Mentre nel primo caso è indiscutibile il raggiungimento dell’autosufficienza economica, nella seconda ipotesi sono sorti dei dubbi in merito alla particolare vicenda venutasi a verificare. Infatti, all’inizio di attività lavorativa da parte della figlia, tra l’altro titolare di partita IVA e della ditta Rigeneratrice sud, ha fatto seguito uno stato di sopravvenuta disoccupazione ponendo quindi il quesito sulla possibile reviviscenza dell’obbligo di mantenimento. Al riguardo, i giudici della Corte di appello di Catanzaro hanno escluso tale reviviscenza, ritenendo senza rilievo il successivo abbandono dell’attività lavorativa da parte del figlio, trattandosi di una scelta che, se determina l’effetto di renderlo privo di sostentamento economico, non può far risorgere un obbligo di mantenimento i cui presupposti erano già venuti meno.
Al contrario, la Cassazione ribalta l’impostazione dei giudici di Catanzaro ribadendo l’orientamento costante della Corte in merito alla questione. Infatti, l’obbligo dei genitori di concorrere al mantenimento dei figli, ai sensi degli artt. 147 e 148 cod. civ., non cessa, ipso facto, con il raggiungimento della loro maggiore età – come ora codificato dall’art. 155 quinquies, primo comma, cod. civ. -, ma perdura, immutato, finché il genitore interessato alla declaratoria, della cessazione dell’obbligo stesso non dia la prova che il figlio ha raggiunto l’indipendenza economica, ovvero che il mancato svolgimento di un’attività economica dipende da un comportamento inerte o di rifiuto ingiustificato dello stesso, il. cui accertamento non può che ispirarsi a criteri di relatività, in quanto necessariamente ancorato alle aspirazioni, al percorso scolastico, universitario e post-universitario del soggetto ed alla situazione attuale del mercato del lavoro, con specifico riguardo al settore nel quale il soggetto abbia indirizzato la propria formazione e la propria specializzazione (cfr. da ultimo Cass. n. 1830/2011).
Elemento decisivo è risultato l’erroneo comportamento dei giudici della Corte di Appello che hanno ritenuto totalmente assolto l’onere probatorio mediante la dimostrazione del solo inizio dell’attività lavorativa, mentre avrebbe dovuto ritenere assolto detto onere anche con la concorrente prova che l’attuale stato di disoccupazione della figlia era dipeso da un comportamento inerte o di rifiuto ingiustificato della stessa.

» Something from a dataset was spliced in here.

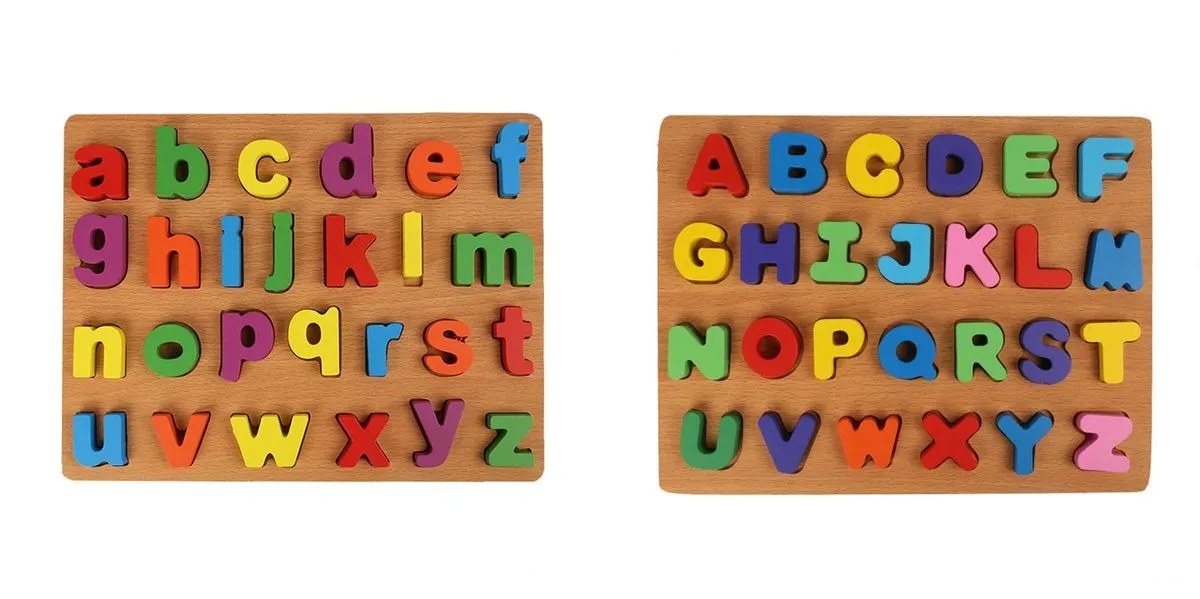 Kids Wooden Alphabet Puzzle Set for Toddlers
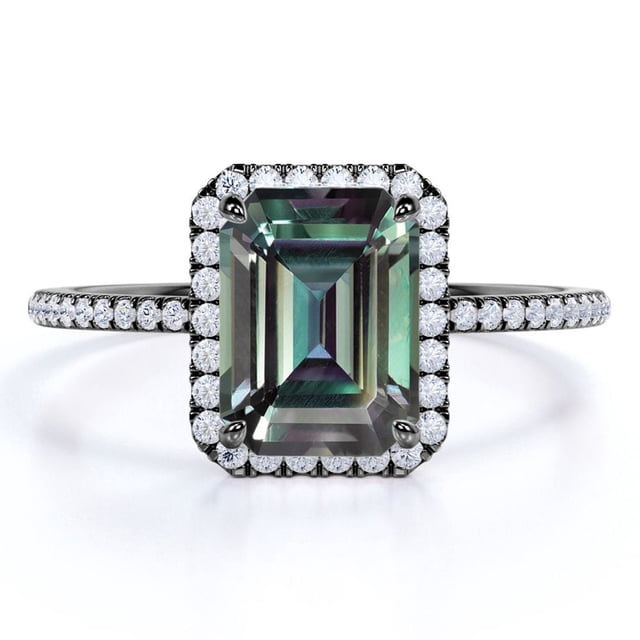 JeenMata Anillo de Compromiso Vintage de 1,75 Quilates con Halo Pavé de Alejandrita y Moissanita Creado en Laboratorio en Oro Negro de 18 K sobre Plata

Da qui la decisione dei giudici del Palazzaccio di riunire i ricorsi, rigettando il principale ed accogliendo quello incidentale con la cassazione del decreto impugnato nella parte in cui dichiara cessato dalla data del deposito del ricorso introduttivo, l’obbligo di corresponsione dell’assegno di mantenimento in favore della figlia – in relazione alle censure accolte e rinviare, anche per le spese, alla Corte d’Appello di Catanzaro, in diversa composizione.